Have you ever heard of a fandom? I hadn’t…until a few weeks ago. I knew there were a lot of girls who wrote “fan fiction.” My understanding of fan fiction up to this point was... that certain kids (and adults, too) write stories to supplement the stories in their favorite movies or TV shows, even comics and books. Fan fiction exists for just about every thing you can think of that has a plot. Star Wars, Once Upon a Time, Dr. Who. I’ve recently been hearing a lot about the TV show, Ninjago. (Just in case you’re clueless like me, Ninjago is about Lego Ninjas. Yep, didn’t really help me understand, either).
Anyway, evidently there’s an entire subculture around fan things. There are fandoms, which are the “kingdoms” of fans around all of these things. There are also fandoms for celebrities, too—that even have their own names. Taylor Swift’s fandom is called Swifty’s. Dr. Who fandom is called Whovians. Justin Bieber—Beliebers. You get the picture.
Fangirls and fanboys are those who are “over the top” fans, as the young girl told me who was educating me on all things fandom. She said she embarrassed herself by being too fangirl on the sites she was visiting. There are message boards created around the fandoms, as well as facebook groups and Tumblr accounts. They also evidently participate in cosplay, where they dress up like one of the characters. Entire conventions exist for some of the larger fandoms, such as Marvel and DC Comics where lots of folks dress up and attend to meet each other and talk about their fandom.
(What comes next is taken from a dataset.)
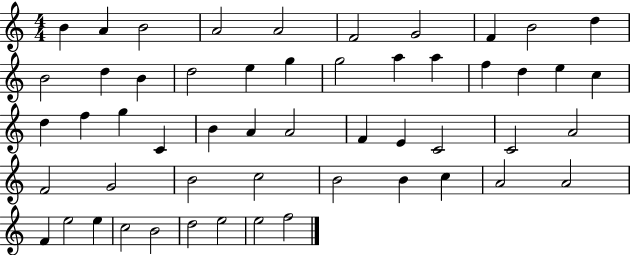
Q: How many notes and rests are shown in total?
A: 53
I have to admit I don’t fully understand the fandom world, although I’m trying. What I do know is this young girl I’m counseling started on one message board, started a conversation with several folks, and moved the conversation to google plus, where they each had accounts and could continue talking. And, I know that those online relationships became very real to her. The language she uses are phrases like “we spent time together”, “he didn’t show up”, and “she was there for me.” The problem, as we know, is that none of those things are really happening. No one is spending real time together. People can’t show up. And how do you know who is there for you when you don’t really know if they’re really the person they say they are. This young girl, six months in, found herself online at 2am, sneaking her computer, and trying to coax her online boyfriend out of committing suicide.
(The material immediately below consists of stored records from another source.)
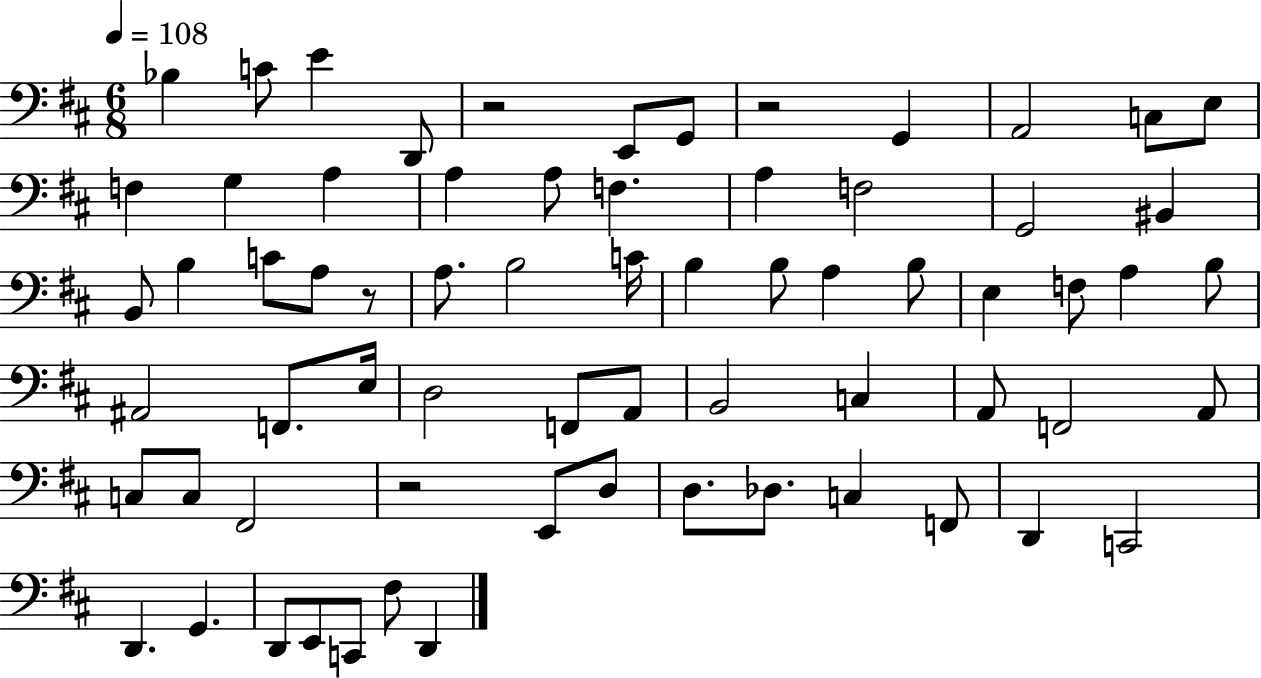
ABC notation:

X:1
T:Untitled
M:6/8
L:1/4
K:D
_B, C/2 E D,,/2 z2 E,,/2 G,,/2 z2 G,, A,,2 C,/2 E,/2 F, G, A, A, A,/2 F, A, F,2 G,,2 ^B,, B,,/2 B, C/2 A,/2 z/2 A,/2 B,2 C/4 B, B,/2 A, B,/2 E, F,/2 A, B,/2 ^A,,2 F,,/2 E,/4 D,2 F,,/2 A,,/2 B,,2 C, A,,/2 F,,2 A,,/2 C,/2 C,/2 ^F,,2 z2 E,,/2 D,/2 D,/2 _D,/2 C, F,,/2 D,, C,,2 D,, G,, D,,/2 E,,/2 C,,/2 ^F,/2 D,,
It’s all too much. And it started out of some cartoon-based message boards.
Please be aware of your child’s technology use. If your child is writing fan fiction, read what they’re writing. If they’re meeting people online, you need to be on the very sites where they’re meeting people. Wherever your child is online, you need to be there, as well. Be a student of what they love and how they spend their time. They need supervision. They need boundaries. And they need protection. They also need to always be spending more time with people in the real world than in the virtual—whether that’s through writing, gaming, or even texting.